Legislation on the Food and Drug Administration regulation of duodenoscopes, the subject of a recent investigation by ranking member Patty Murray (D-Wash.), will also be considered at the first markup.

“I’m pleased that as a result of hard work on both sides of the aisle, the HELP Committee will have the opportunity in the upcoming markup to take some important steps forward on issues like strengthening our country’s health IT infrastructure and protecting patients from risk associated with certain medical devices,” Murray said in a statement.

The second committee markup will be held on March 9 and will focus on bills modernizing the FDA and the National Institutes of Health and legislation supporting President Obama’s Precision Medicine Initiative. A third markup is scheduled for April 6, but no specific legislation is yet on the agenda.

“The House has completed its work on the 21st Century Cures Act. The president has announced his support for a precision medicine initiative and a cancer ‘moonshot.’ It is urgent that the Senate finish its work and turn into law these ideas that will help virtually every American,” Alexander said in a statement.

Committee members reached an agreement on how to proceed on the first markup after partisan bickering delayed introduction of a bigger medical bill for several weeks. The original goal had been to get a bill through committee by the end of 2015, although that schedule was slowed by the committee’s education work.

Murray outlined parts of the Democratic agenda in her statement, much of it dovetailing with Republican goals.  “I am hopeful we can continue making bipartisan progress to advance medical innovation while upholding the highest standards of patient and consumer safety.  As I’ve made clear, I believe this progress should include addressing the burden that high drug costs impose on patients, as well as critical mandatory investments in research and development at NIH and the FDA,” she said.

Those demands may be hard to negotiate, at least in detail. Last week, Burr said committee Republicans were considering moving forward without Democratic support. “We can’t seem to get [any] rational piece of legislation negotiated in a bipartisan way,” he told Morning Consult at the time. He added that a bipartisan bill was threatened by “unrelated stuff that wants to be negotiated into it.”

Murray on Tuesday encouraged committee Republicans to continue negotiating with Democrats to pass as much of their dual agendas through the panel as they can. “Patients and families rightly expect their representatives in Congress to work together and get results on the issues that impact them every day, from urgent medical challenges like tackling cancer to ensuring the products in their medicine cabinet are safe and effective. I’m confident that if we work across the aisle in a truly bipartisan way, we can deliver,” she said.

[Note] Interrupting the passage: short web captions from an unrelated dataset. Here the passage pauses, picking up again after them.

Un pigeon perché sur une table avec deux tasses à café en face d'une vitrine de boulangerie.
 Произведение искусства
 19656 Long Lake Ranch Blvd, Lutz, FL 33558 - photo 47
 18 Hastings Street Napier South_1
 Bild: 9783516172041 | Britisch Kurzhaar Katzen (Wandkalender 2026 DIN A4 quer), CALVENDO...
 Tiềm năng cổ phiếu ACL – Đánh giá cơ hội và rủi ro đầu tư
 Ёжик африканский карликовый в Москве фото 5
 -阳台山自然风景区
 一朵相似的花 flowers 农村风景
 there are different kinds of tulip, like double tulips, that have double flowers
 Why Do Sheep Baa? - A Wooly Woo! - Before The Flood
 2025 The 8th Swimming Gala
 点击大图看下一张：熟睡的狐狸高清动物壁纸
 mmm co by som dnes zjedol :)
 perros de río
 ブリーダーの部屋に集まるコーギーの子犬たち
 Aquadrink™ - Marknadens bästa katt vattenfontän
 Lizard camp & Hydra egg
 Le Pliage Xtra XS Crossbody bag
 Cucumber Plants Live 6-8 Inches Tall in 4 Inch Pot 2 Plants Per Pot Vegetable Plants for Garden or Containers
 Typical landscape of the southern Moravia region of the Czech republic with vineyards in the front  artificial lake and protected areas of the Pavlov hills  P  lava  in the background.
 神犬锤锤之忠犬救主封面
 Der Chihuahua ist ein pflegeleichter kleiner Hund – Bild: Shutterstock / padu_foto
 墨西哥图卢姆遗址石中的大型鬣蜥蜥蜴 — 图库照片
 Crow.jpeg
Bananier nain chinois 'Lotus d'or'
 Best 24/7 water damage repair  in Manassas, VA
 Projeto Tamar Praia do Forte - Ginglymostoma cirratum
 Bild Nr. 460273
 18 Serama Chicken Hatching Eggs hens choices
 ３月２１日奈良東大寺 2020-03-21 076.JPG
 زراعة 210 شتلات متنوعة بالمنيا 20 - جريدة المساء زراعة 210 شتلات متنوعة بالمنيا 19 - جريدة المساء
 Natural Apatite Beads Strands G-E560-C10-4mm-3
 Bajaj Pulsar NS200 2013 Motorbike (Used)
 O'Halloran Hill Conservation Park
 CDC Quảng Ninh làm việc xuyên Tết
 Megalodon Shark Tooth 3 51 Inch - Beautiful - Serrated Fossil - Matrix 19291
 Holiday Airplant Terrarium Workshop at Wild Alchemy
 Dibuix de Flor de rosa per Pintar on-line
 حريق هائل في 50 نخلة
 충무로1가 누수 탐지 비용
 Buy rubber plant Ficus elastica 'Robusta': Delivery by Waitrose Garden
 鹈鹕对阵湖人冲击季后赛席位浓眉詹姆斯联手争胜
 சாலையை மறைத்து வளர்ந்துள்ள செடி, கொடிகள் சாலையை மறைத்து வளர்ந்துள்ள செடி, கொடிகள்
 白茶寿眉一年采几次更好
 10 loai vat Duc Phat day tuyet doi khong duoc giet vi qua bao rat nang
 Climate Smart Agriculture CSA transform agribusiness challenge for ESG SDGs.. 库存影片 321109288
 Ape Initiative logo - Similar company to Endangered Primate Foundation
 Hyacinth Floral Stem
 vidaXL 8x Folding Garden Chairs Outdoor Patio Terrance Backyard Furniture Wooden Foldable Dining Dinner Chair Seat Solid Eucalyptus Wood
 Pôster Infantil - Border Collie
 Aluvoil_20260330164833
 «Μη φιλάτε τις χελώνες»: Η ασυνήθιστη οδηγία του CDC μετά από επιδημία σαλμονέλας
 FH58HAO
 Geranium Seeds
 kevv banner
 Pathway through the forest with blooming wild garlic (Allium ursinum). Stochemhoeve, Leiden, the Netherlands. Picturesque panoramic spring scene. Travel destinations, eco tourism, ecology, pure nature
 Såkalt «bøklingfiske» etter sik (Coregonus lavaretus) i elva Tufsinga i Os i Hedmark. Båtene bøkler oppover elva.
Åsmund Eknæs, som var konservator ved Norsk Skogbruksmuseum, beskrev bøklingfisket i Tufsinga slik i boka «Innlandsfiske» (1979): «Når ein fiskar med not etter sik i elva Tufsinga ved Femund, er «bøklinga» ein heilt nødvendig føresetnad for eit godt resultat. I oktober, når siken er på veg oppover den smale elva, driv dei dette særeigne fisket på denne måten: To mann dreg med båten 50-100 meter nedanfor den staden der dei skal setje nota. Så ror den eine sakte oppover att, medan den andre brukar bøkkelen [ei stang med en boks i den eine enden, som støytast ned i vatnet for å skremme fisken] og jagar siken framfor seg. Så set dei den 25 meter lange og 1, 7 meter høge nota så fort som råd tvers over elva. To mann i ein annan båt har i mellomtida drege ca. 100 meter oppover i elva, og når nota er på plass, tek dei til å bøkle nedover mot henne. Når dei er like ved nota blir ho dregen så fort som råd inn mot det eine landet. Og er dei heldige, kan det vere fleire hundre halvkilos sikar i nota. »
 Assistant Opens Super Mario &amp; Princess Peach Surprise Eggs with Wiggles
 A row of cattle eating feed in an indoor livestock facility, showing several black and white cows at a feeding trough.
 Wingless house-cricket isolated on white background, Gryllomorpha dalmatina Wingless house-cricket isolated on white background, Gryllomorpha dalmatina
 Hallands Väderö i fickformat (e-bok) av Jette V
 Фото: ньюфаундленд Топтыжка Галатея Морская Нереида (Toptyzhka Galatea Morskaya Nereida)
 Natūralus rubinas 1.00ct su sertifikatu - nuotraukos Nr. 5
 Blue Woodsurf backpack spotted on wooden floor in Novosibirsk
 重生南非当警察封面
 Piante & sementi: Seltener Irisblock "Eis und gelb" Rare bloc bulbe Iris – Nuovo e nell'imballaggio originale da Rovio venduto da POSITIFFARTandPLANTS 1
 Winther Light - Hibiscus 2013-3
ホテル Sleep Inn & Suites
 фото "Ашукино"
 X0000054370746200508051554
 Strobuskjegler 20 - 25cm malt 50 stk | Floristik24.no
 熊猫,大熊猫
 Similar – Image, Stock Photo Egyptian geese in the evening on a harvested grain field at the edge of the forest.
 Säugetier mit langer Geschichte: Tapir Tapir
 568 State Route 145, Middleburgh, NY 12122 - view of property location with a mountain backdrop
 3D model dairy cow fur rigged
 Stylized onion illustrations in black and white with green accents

Burr said Monday that he would still like to see a more comprehensive medical bill introduced later this year. If that happens, the bill could include pieces falling outside of the HELP Committee’s jurisdiction. This could actually be a boon to the overall legislation.

“Now that it’s not limited to, I think, the negotiations in the HELP Committee, it means I can incorporate everything we need in innovation, which would include the [Centers for Medicare and Medicaid Services], which means reaching out to the Finance Committee,” Burr said. “And I just happen to be one of the few that is on the HELP and the Finance Committees and have access to staff to put that together.”

The House passed its 21st Century Cures bill last summer. Energy and Commerce Chairman Fred Upton (R-Mich.) guided the bill to a 344-77 passage on the floor, but HELP Committee Chairman Lamar Alexander (R-Tenn.) has long said the Senate would produce its own version.

Both chambers’ goals overlap, including giving the National Institutes of Health additional funding and reforming drug approvals at the Food and Drug Administration.

7:40 p.m. This article was updated to add committee members’ statements, details of the bills under consideration, and detail about Democrats’ participation in the committee’s action plan.